If you are using Azure Databricks then under the Spark tab, add the following configuration, replacing the credentials and endpoint with yours:

Copy Code

spark.hadoop.fs.lakefs.impl io.lakefs.LakeFSFileSystem
spark.hadoop.fs.lakefs.access.key AKIAlakefs12345EXAMPLE
spark.hadoop.fs.lakefs.secret.key abc/lakefs/1234567bPxRfiCYEXAMPLEKEY
spark.hadoop.fs.lakefs.endpoint https://lakefs.example.com/api/v1
spark.hadoop.fs.lakefs.access.mode presigned

When using Delta Lake tables, the following may also be required in some versions of Databricks:

Copy Code

spark.hadoop.fs.s3a.bucket.<repo-name>.aws.credentials.provider shaded.databricks.org.apache.hadoop.fs.s3a.TemporaryAWSCredentialsProvider
spark.hadoop.fs.s3a.bucket.<repo-name>.session.token lakefs

When running Azure Databricks, the following configuration is needed as well:

Copy Code

spark.databricks.delta.logStore.crossCloud.fatal false

(If you don’t use this configuration on azure Databricks you would get a Writing to Delta table on AWS from non-AWS is unsafe in terms of providing transactional guarantees error message)

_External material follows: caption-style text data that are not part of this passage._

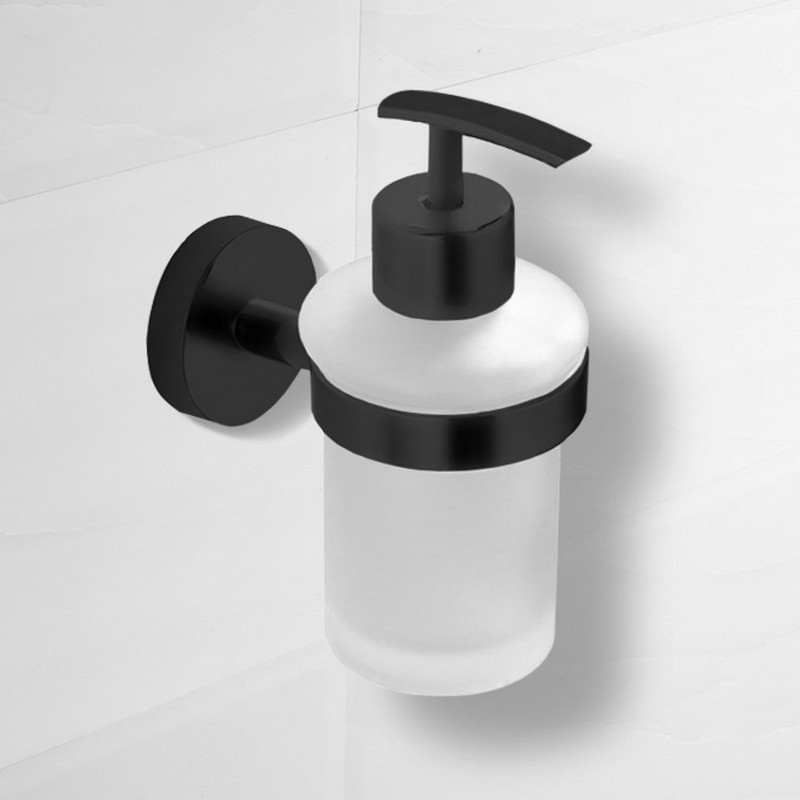NAMEEKS NCB73 GENERAL HOTEL 2 5/8 INCH WALL MOUNTED FROSTED GLASS SOAP DISPENSER - MATTE BLACK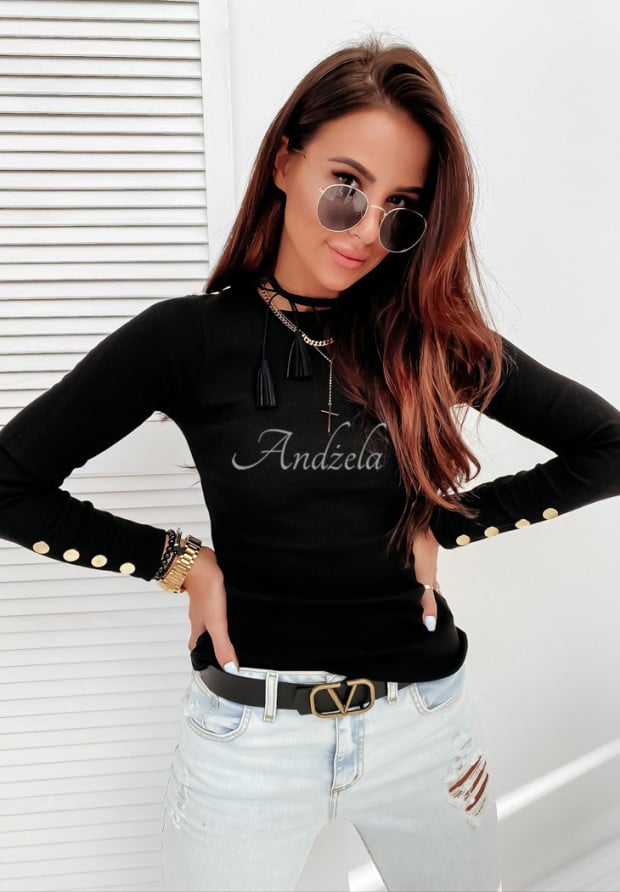 Prążkowana bluzka z ozdobnymi guzikami Anita czarna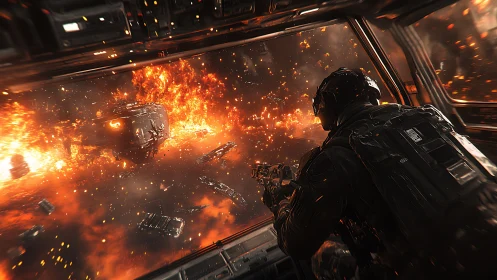 Suited soldier witnesses catastrophic explosion from vessel.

For more information, please see the documentation from Databricks.

Optional – Running lakeFS inside your VPC

When lakeFS runs inside your private network, your Databricks cluster needs to be able to access it. This can be done by setting up a VPC peering between the two VPCs (the one where lakeFS runs and the one where Databricks runs). For this to work on DeltaLake tables, you would also have to disable multi-cluster writes with:

Copy Code

spark.databricks.delta.multiClusterWrites.enabled false

Step 3 – Add the lakeFS Hadoop File System

Find the latest version available here.
For example, at the moment it is 0.1.15:
In Databricks, go to your cluster configuration page and choose the “Libraries” tab.
Click “Install New”
Select “Maven”
Input the version of the client you would like to use. For example, if the latest version is 0.1.9: io.lakefs:hadoop-lakefs-assembly:0.1.15
Click Install

You should now see a line showing the installation was successful:

Step 4 – Configure the Python Client

To interact with lakeFS from Python,

In Databricks, go to your cluster configuration page and choose the “Libraries” tab.
Click “Install New”
Select “PyPl” and insert lakefs==<lakeFS version> (for example, my version of lakeFS is 0.4.0, So I’ll insert: lakefs-client==0.4.0)
Find out the last version by visiting https://pypi.org/project/lakefs/

lakeFS for Databricks configuration tutorial

You should now see a line showing the installation was successful:

Step 5 (Optional) – Adding the lakeFS Metadata SPARK Client

Some operations in lakeFS require adding the SPARK client (for example, some of the ways of exporting data).

Find out the latest version, available here.
For example, currently it is 0.8.0:

Note that I’m running Spark 3.1.2. If you are running a different version of spark, choose the corresponding package for your version.
Click on the latest version (for example 0.8.0) above, and under “Files” download the Jar:
In Databricks, go to your cluster configuration page and choose the “Libraries” tab.
Click “Install New”
Drag and drop the downloaded jar:

Click Install.
You should now see a line showing the installation was successful:

Restart your cluster.

Step 6 – Try it out in a notebook

Create a new notebook in Databricks and attach it to the cluster configured above.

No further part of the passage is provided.